Case 2. Monty Hall does not know which door contains the prize:

Again, please see the figure below.

In 2/3rds of the universes, you have picked the empty door (indicated by green). In the remaining 1/3rd you picked the door with the prize.

In the universes where you picked the door with the prize, Monty will always open an empty door (the door he picks is indicated in blue). So far, so good. This is Universe 1 in the picture.

But, in the universes where you picked an empty door, among the doors that remain there is one empty door and one door with the prize. These are Universes 2&3 in the picture.

Now, because Monty does not know which door contains the prize, in half of the universes he will open the door with the prize. This is Universe 3 in the picture. And in the other half he will open the empty door, which is Universe 2.

But we know that we are not in Universe 3 because we see that Monty opens an empty door.

Thus, we must be either in Universe 1 or 2. It is clear that the if we are in Universe 2, we should switch and if we are in Universe 1, we should stick to our choice.
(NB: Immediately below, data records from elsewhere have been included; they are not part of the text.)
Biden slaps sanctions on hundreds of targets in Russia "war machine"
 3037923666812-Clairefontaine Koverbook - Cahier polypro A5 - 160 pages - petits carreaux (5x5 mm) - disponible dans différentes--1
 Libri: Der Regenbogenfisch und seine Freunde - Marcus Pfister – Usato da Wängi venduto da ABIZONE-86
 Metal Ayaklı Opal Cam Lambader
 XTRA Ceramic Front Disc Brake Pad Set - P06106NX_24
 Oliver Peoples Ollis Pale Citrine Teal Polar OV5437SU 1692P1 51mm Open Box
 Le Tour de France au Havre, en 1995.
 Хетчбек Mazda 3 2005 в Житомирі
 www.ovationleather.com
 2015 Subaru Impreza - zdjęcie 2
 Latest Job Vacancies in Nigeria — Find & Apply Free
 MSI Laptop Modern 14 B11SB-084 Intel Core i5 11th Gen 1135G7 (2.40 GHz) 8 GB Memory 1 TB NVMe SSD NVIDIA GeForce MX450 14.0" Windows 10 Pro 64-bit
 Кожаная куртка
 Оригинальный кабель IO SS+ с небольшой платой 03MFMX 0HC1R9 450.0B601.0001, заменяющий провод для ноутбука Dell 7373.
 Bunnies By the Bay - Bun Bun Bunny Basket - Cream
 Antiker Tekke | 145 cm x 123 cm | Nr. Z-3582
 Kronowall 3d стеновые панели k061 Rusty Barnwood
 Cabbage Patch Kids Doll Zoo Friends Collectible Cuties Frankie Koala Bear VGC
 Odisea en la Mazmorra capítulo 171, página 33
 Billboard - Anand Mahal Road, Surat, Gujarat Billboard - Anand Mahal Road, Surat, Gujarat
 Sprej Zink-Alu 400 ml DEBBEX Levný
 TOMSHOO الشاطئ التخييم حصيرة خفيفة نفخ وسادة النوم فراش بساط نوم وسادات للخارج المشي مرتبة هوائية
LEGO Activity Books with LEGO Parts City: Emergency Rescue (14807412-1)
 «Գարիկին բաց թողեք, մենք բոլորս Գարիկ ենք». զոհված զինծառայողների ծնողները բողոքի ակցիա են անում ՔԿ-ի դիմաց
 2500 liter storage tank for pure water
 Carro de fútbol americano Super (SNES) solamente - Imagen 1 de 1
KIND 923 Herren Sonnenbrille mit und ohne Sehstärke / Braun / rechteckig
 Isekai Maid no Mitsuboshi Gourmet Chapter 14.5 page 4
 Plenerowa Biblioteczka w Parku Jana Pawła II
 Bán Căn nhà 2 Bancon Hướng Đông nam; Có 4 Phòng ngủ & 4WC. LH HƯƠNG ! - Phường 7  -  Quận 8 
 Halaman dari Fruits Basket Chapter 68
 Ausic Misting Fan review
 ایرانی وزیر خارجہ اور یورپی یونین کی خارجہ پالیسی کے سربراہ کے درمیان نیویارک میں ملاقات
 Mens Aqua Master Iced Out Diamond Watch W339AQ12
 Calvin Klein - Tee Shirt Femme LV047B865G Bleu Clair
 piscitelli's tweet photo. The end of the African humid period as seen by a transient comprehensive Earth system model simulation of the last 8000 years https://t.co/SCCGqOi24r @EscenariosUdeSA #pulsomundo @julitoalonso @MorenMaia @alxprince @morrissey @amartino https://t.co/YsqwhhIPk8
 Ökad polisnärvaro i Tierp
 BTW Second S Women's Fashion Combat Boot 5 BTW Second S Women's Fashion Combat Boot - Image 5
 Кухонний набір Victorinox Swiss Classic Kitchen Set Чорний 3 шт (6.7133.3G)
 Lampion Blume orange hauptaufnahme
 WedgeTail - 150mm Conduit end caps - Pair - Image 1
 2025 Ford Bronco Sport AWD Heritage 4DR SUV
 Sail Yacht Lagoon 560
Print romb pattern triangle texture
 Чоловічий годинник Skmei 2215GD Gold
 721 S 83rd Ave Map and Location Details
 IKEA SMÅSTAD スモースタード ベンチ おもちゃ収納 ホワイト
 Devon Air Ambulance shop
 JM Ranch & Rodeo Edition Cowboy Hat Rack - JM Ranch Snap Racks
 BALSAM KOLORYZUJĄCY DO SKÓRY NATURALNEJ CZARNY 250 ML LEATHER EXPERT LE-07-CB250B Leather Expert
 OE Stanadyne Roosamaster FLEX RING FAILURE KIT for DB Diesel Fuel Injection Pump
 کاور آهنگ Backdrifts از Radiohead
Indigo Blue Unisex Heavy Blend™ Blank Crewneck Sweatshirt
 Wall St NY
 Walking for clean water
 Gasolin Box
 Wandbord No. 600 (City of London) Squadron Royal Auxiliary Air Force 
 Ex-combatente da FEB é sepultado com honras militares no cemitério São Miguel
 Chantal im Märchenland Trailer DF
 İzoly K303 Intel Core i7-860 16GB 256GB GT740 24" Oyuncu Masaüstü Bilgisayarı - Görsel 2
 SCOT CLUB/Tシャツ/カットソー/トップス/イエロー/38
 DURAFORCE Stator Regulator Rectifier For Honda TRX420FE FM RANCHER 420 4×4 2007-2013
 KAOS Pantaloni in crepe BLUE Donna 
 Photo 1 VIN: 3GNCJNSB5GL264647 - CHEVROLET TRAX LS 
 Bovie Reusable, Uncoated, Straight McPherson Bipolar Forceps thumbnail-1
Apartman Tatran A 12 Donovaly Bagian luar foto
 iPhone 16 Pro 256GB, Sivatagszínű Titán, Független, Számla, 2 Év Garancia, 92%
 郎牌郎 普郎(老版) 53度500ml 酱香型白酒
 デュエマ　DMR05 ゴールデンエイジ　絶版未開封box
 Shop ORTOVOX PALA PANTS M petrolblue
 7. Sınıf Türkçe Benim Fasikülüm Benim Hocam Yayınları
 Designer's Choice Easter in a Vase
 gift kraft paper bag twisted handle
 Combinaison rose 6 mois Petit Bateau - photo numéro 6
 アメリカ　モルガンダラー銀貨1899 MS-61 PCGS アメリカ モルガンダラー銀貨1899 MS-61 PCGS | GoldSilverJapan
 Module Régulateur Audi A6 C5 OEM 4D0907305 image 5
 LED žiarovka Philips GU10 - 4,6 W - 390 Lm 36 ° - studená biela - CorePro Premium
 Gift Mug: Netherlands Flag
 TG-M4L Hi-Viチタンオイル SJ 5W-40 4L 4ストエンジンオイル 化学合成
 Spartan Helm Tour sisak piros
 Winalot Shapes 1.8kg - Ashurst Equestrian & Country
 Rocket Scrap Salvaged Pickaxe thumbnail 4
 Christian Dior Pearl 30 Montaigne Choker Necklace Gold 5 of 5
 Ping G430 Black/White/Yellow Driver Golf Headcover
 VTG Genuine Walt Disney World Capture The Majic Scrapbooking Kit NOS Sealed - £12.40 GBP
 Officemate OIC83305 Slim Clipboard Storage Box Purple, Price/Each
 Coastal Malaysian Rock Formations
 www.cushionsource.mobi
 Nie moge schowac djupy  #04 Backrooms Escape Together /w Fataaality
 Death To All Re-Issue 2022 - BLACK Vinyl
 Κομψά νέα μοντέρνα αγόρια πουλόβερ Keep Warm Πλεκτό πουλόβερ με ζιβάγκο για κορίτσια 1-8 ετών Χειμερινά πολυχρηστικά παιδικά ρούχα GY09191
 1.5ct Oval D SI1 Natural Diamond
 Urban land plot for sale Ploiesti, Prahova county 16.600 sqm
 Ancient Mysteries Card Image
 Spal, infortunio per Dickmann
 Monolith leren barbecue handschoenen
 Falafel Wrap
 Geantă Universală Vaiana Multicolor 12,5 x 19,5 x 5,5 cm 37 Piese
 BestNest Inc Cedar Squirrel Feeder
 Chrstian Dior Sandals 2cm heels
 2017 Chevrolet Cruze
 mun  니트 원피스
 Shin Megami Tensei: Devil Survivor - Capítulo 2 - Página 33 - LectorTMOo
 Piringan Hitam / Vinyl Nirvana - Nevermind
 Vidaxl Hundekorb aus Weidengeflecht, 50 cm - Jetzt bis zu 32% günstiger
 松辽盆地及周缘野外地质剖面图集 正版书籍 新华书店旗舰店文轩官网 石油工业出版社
In this case Monty does not know where the prize is. Again, green indicates the door you picked. Blue indicates the door picked by Monty. P indicates the door with the prize. Notice that in Universe 3, Monty opens the door with the prize, therefore we can’t be in Universe 3.

But the number of sub-universes in both Universe 1 & 2 are the same!

Thus, we are equally likely to win the prize irrespective of whether we stick with our original or switch! Therefore in this case, the probability of winning is 1/2 either way.

The Monty Hall problem beautifully illustrates how the processes behind the evidence that we see is crucial in deciding how we go forward.

Acknowledgements: Kenny Easwaran pointed out the difference between the two cases when answering a question I asked at a physics department colloquium. I think that’s when the Monty Hall really clicked for me. Also, reading Eliezer Yudkowsky  really clarified some notions of probability relevant to this problem for me.